Angiotensin II type 1 receptor blocker telmisartan induces apoptosis and autophagy in adult T-cell leukemia cells.

FEBS open bio

Tomohiro Kozako, Shuhei Soeda, Makoto Yoshimitsu, Naomichi Arima, Ayako Kuroki, Shinya Hirata, Hiroaki Tanaka, Osamu Imakyure, Nanako Tone, Shin-Ichiro Honda, Shinji Soeda

Affiliations

  1. Department of Biochemistry Faculty of Pharmaceutical Sciences Fukuoka University Japan.
  2. Department of Hematology and Immunology Kagoshima University Hospital Japan; Division of Hematology and Immunology School of Medical and Dental Sciences Center for Chronic Viral Diseases Graduate Kagoshima University Japan.
  3. Division of Hematology and Immunology School of Medical and Dental Sciences Center for Chronic Viral Diseases Graduate Kagoshima University Japan.
  4. Department of Rheumatology and Clinical Immunology Kumamoto University Hospital Japan.
  5. Faculty of Sports and Health Science Fukuoka University Japan.
  6. Department of Pharmaceutical Care and Health Sciences Faculty of Pharmaceutical Sciences Fukuoka University Japan.

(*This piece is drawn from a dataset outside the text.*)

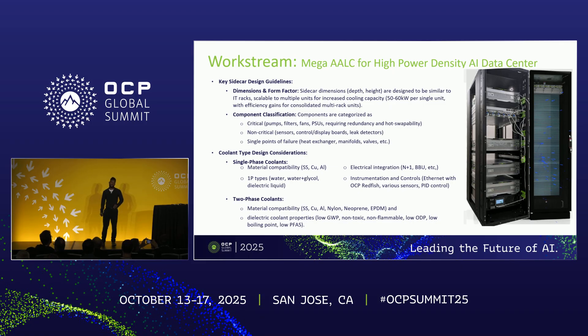The second work stream was the mega ALC for high-power-density AI. That presentation was done yesterday between AMD and WeWin. They built a prototype sidecar to match their theoretical data. The white paper is quite granular — it goes beyond performance to establish a baseline for a spec, covering dimensions, component classifications in terms of criticality, coolant type considerations such as two-phase versus single-phase, material compatibility, electrical and instrumentation requirements, and detailed considerations for deploying these different types of sidecars.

PMID: 27419050 PMCID: PMC4856423 DOI: 10.1002/2211-5463.12055

Abstract

Adult T-cell leukemia/lymphoma (ATL), an aggressive T-cell malignancy that develops after long-term infection with human T-cell leukemia virus (HTLV-1), requires new treatments. Drug repositioning, reuse of a drug previously approved for the treatment of another condition to treat ATL, offers the possibility of reduced time and risk. Among clinically available angiotensin II receptor blockers, telmisartan is well known for its unique ability to activate peroxisome proliferator-activated receptor-γ, which plays various roles in lipid metabolism, cellular differentiation, and apoptosis. Here, telmisartan reduced cell viability and enhanced apoptotic cells via caspase activation in ex vivo peripheral blood monocytes from asymptomatic HTLV-1 carriers (ACs) or via caspase-independent cell death in acute-type ATL, which has a poor prognosis. Telmisartan also induced significant growth inhibition and apoptosis in leukemia cell lines via caspase activation, whereas other angiotensin II receptor blockers did not induce cell death. Interestingly, telmisartan increased the LC3-II-enriched protein fraction, indicating autophagosome accumulation and autophagy. Thus, telmisartan simultaneously caused caspase activation and autophagy. A hypertension medication with antiproliferation effects on primary and leukemia cells is intriguing. Patients with an early diagnosis of ATL are generally monitored until the disease progresses; thus, suppression of progression from AC and indolent ATL to acute ATL is important. Our results suggest that telmisartan is highly effective against primary cells and leukemia cell lines in caspase-dependent and -independent manners, and its clinical use may suppress acute transformation and improve prognosis of patients with this mortal disease. This is the first report demonstrating a cell growth-inhibitory effect of telmisartan in fresh peripheral blood mononuclear cells from leukemia patients.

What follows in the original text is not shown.